(BRIEF): Where the line containing "A very elegant" appears, begin retyping; continue exactly through the final line of the data. Omit every picture.

*** SOURCE RECORDS ***

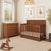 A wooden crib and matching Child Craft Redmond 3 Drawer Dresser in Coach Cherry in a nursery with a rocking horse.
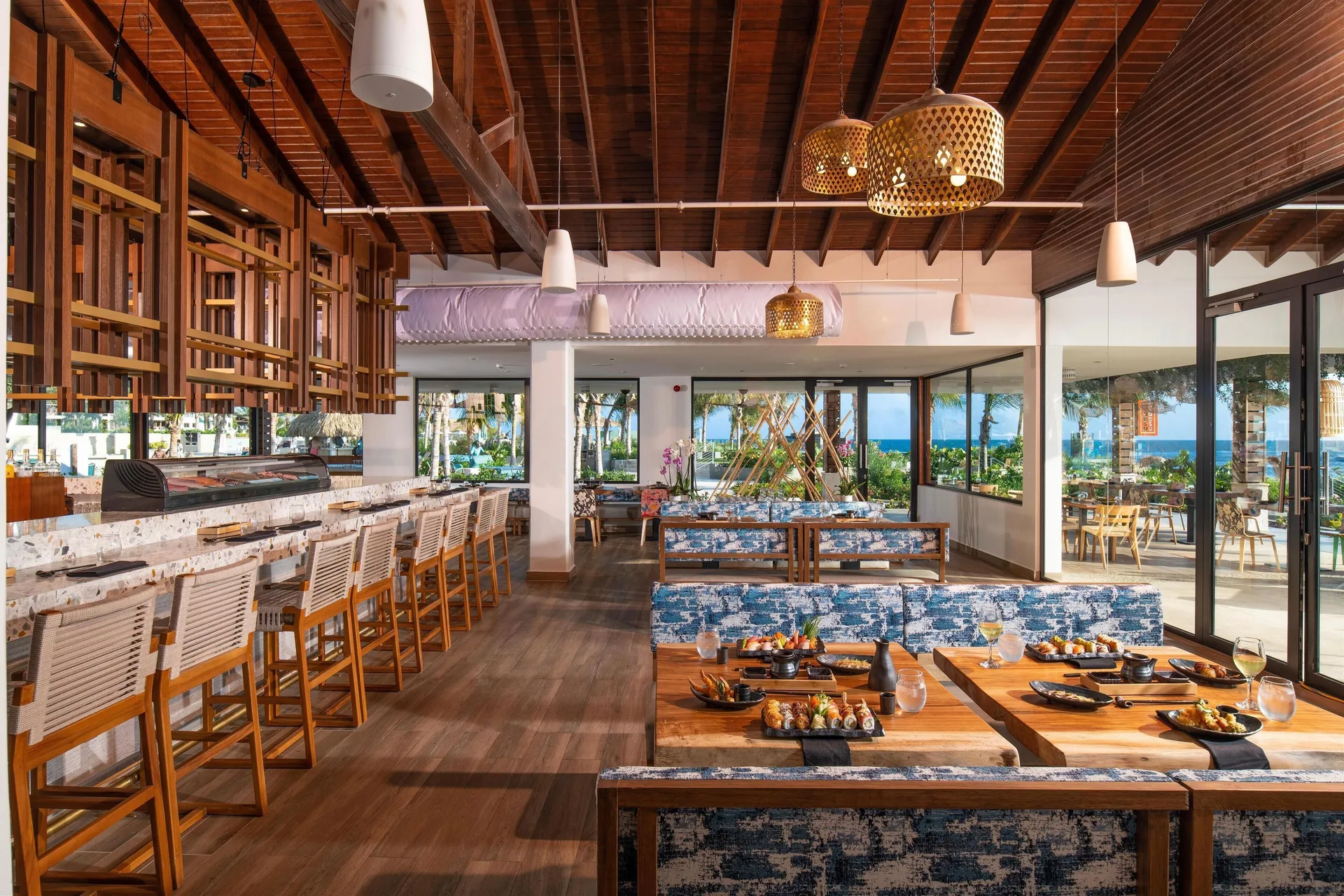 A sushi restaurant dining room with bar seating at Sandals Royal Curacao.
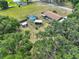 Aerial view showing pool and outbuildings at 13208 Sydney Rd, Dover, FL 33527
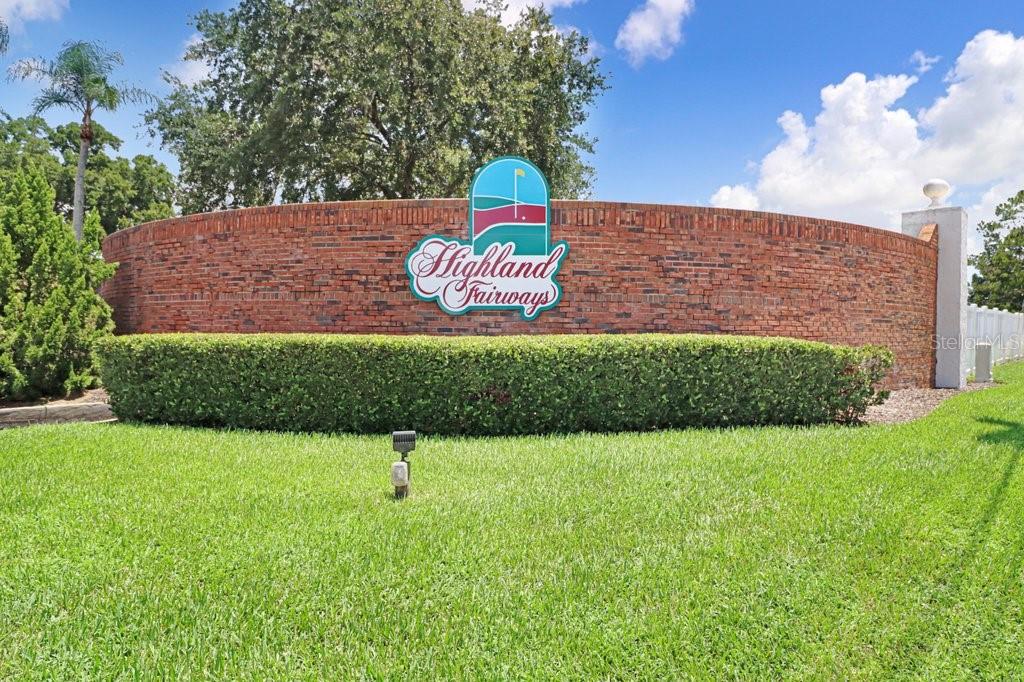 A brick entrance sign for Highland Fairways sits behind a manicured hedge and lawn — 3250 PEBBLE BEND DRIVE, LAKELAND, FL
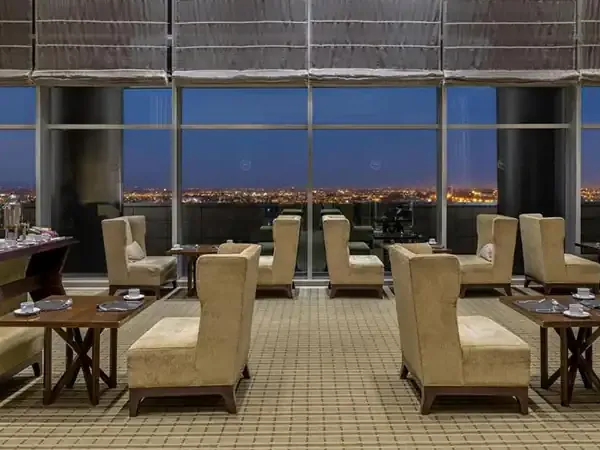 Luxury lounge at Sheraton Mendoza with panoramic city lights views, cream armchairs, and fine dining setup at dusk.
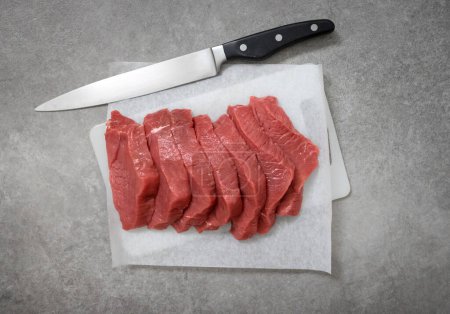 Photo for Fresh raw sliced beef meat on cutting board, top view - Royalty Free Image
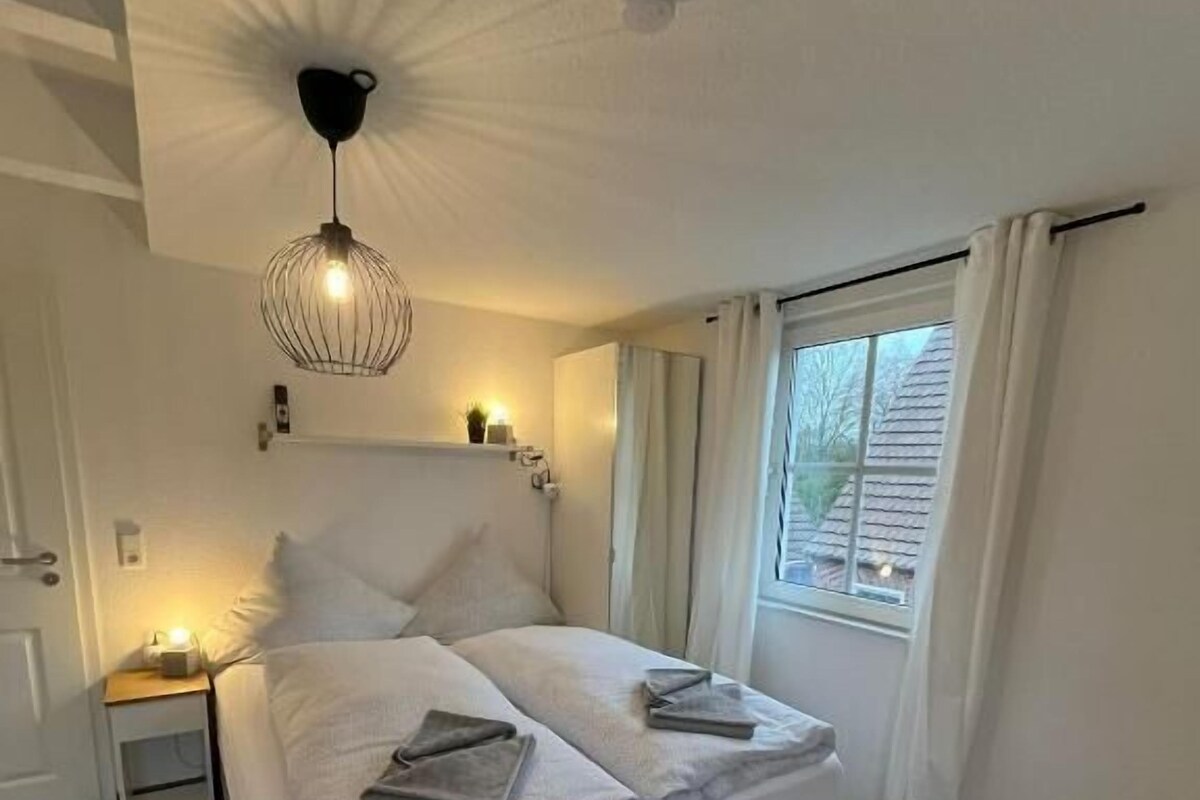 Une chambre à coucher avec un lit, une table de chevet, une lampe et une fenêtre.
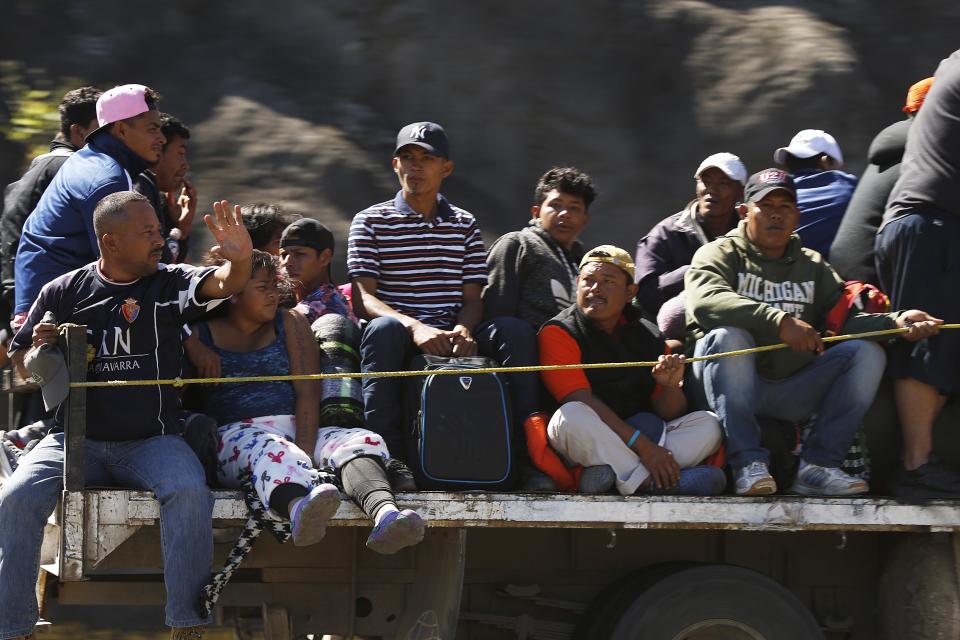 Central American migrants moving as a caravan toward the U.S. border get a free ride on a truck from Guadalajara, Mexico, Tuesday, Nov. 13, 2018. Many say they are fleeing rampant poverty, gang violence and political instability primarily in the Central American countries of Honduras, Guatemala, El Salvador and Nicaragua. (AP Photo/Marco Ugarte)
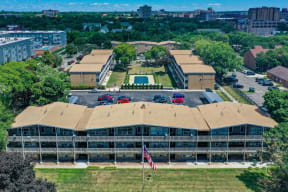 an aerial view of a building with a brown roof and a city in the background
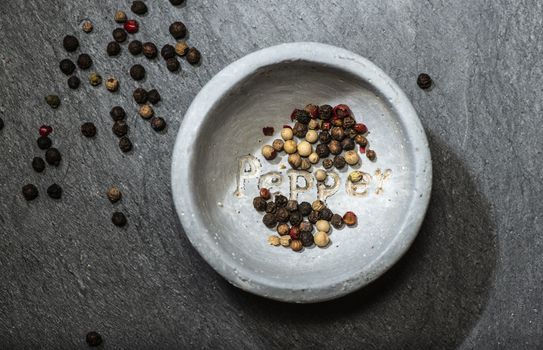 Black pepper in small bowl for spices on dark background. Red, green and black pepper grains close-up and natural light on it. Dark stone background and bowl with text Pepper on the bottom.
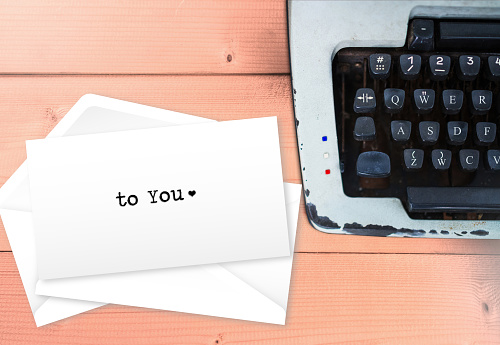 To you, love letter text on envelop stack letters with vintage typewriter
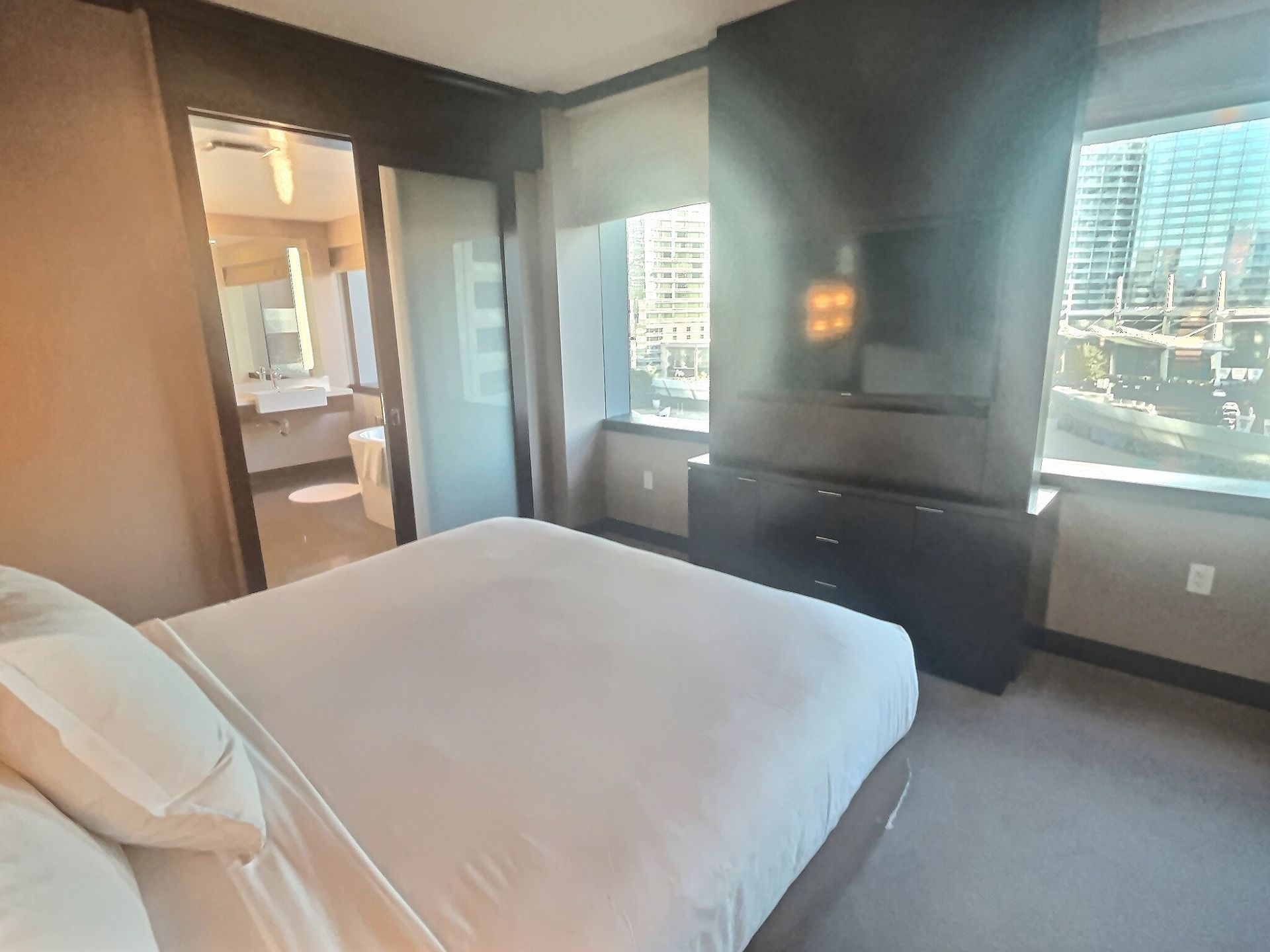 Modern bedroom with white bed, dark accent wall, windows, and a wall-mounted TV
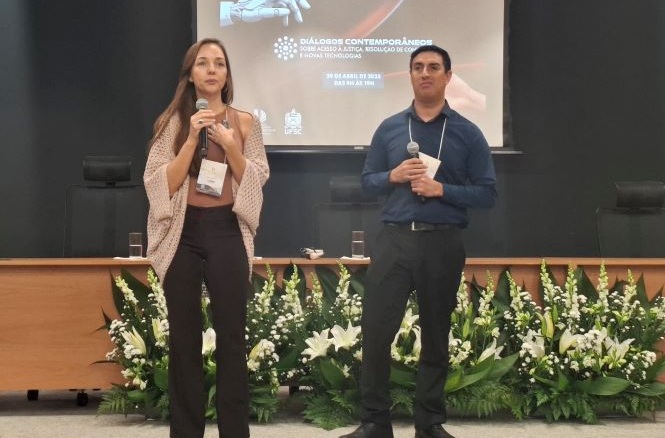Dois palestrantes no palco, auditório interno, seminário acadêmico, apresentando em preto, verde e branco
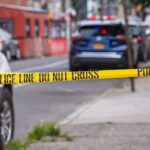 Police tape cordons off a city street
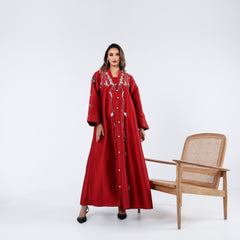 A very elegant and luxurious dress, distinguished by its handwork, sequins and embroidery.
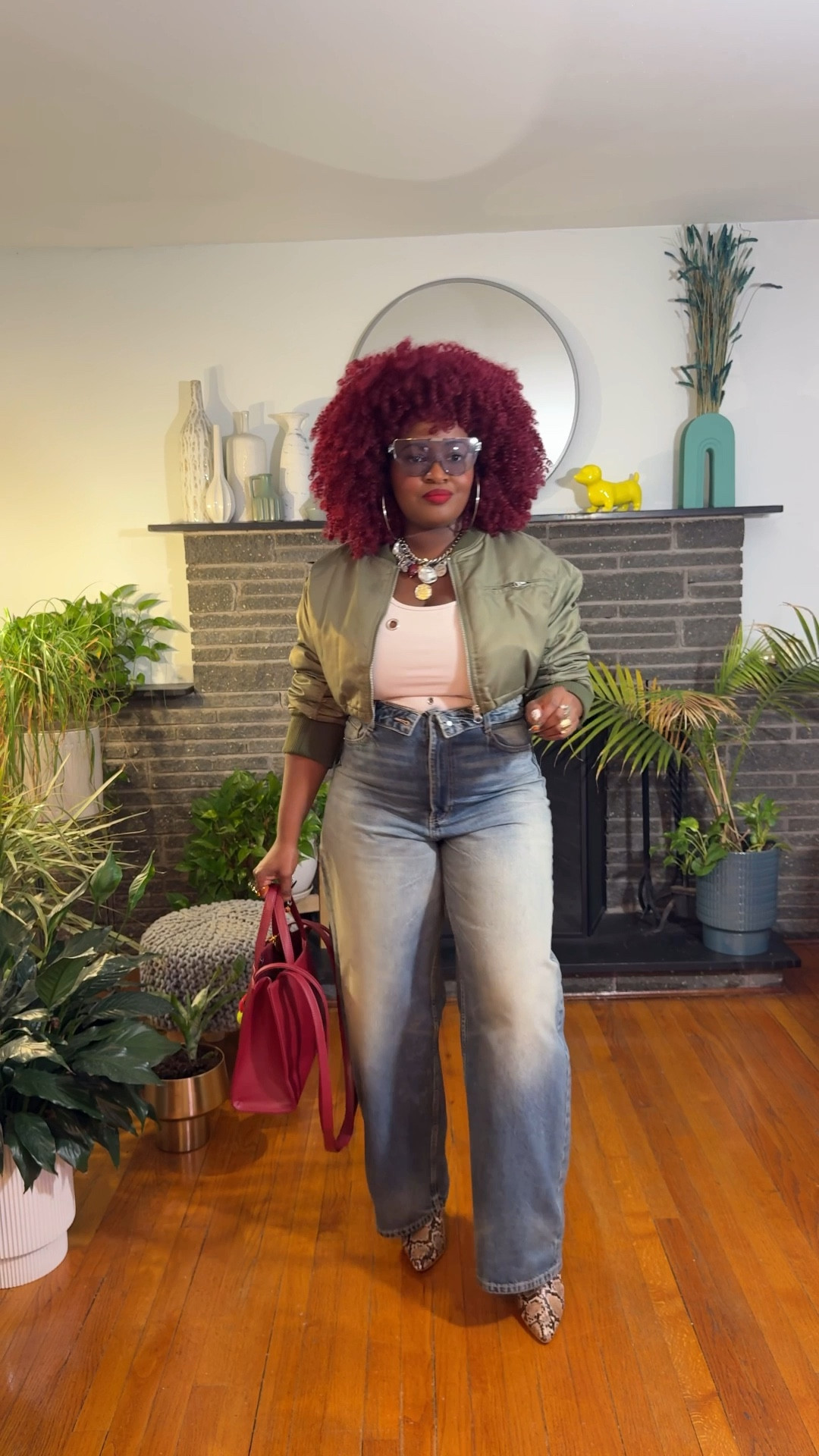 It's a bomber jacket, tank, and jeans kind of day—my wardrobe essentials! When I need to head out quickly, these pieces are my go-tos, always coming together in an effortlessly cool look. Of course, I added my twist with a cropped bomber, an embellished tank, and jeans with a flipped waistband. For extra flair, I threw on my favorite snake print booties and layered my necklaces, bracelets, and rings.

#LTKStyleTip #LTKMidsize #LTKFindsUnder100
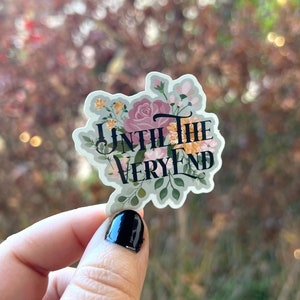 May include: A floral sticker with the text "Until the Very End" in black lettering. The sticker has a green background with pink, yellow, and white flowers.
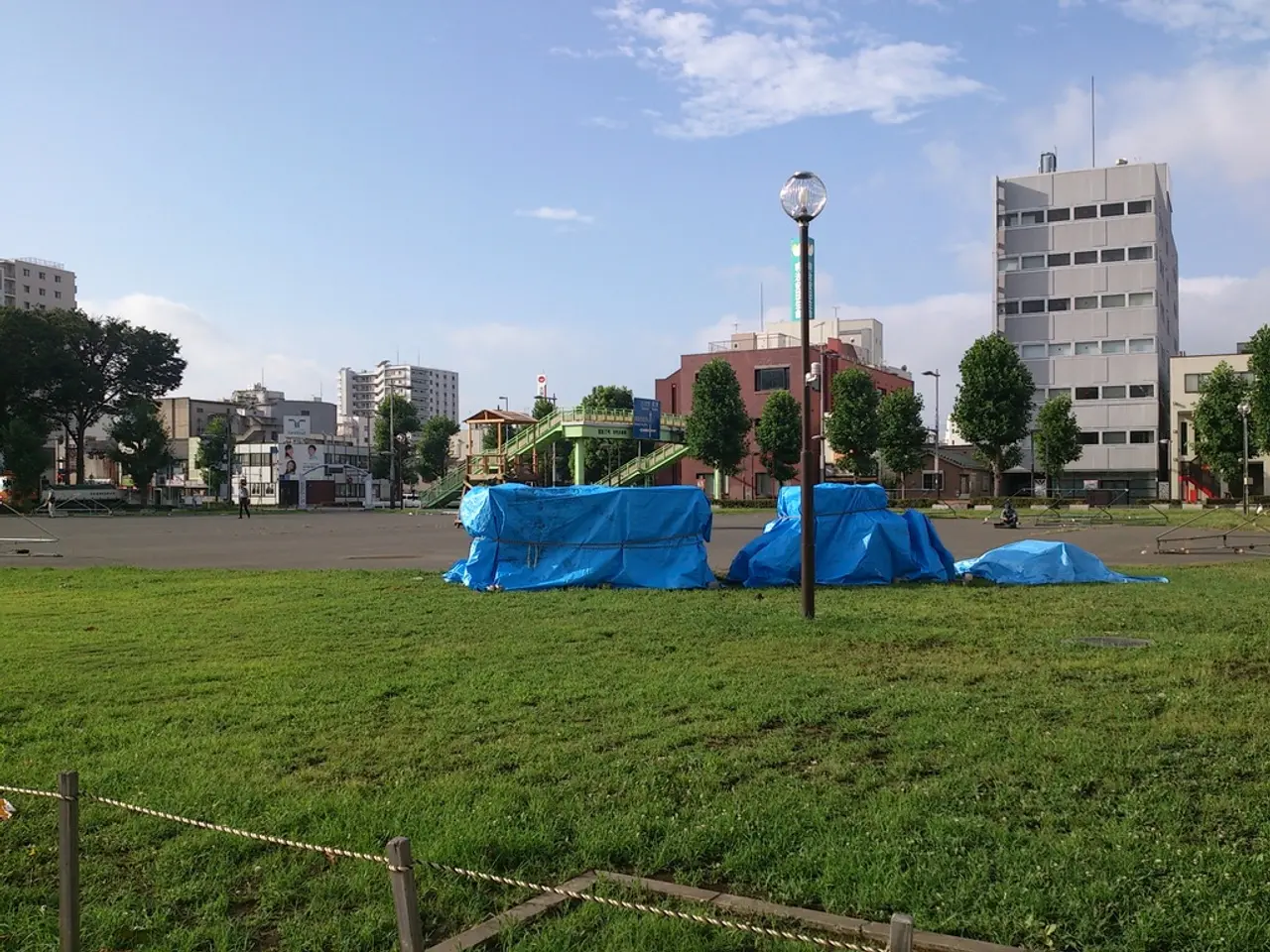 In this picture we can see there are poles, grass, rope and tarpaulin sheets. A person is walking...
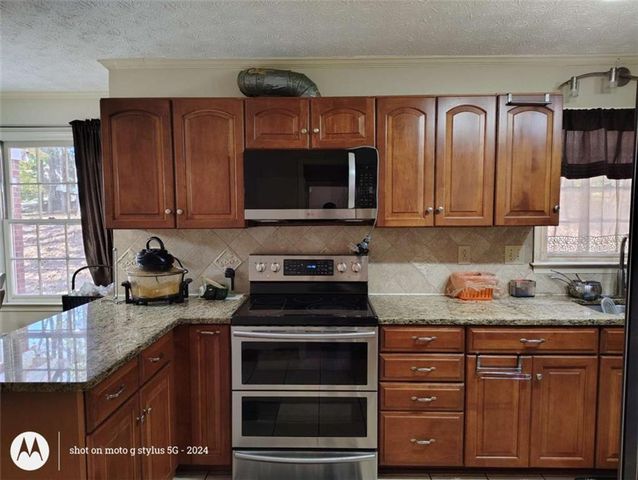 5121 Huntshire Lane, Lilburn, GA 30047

*** End of SOURCE RECORDS ***

(RESPONSE TO THE TASK):
 A very elegant and luxurious dress, distinguished by its handwork, sequins and embroidery.
 It's a bomber jacket, tank, and jeans kind of day—my wardrobe essentials! When I need to head out quickly, these pieces are my go-tos, always coming together in an effortlessly cool look. Of course, I added my twist with a cropped bomber, an embellished tank, and jeans with a flipped waistband. For extra flair, I threw on my favorite snake print booties and layered my necklaces, bracelets, and rings.

#LTKStyleTip #LTKMidsize #LTKFindsUnder100
 May include: A floral sticker with the text "Until the Very End" in black lettering. The sticker has a green background with pink, yellow, and white flowers.
 In this picture we can see there are poles, grass, rope and tarpaulin sheets. A person is walking...
 5121 Huntshire Lane, Lilburn, GA 30047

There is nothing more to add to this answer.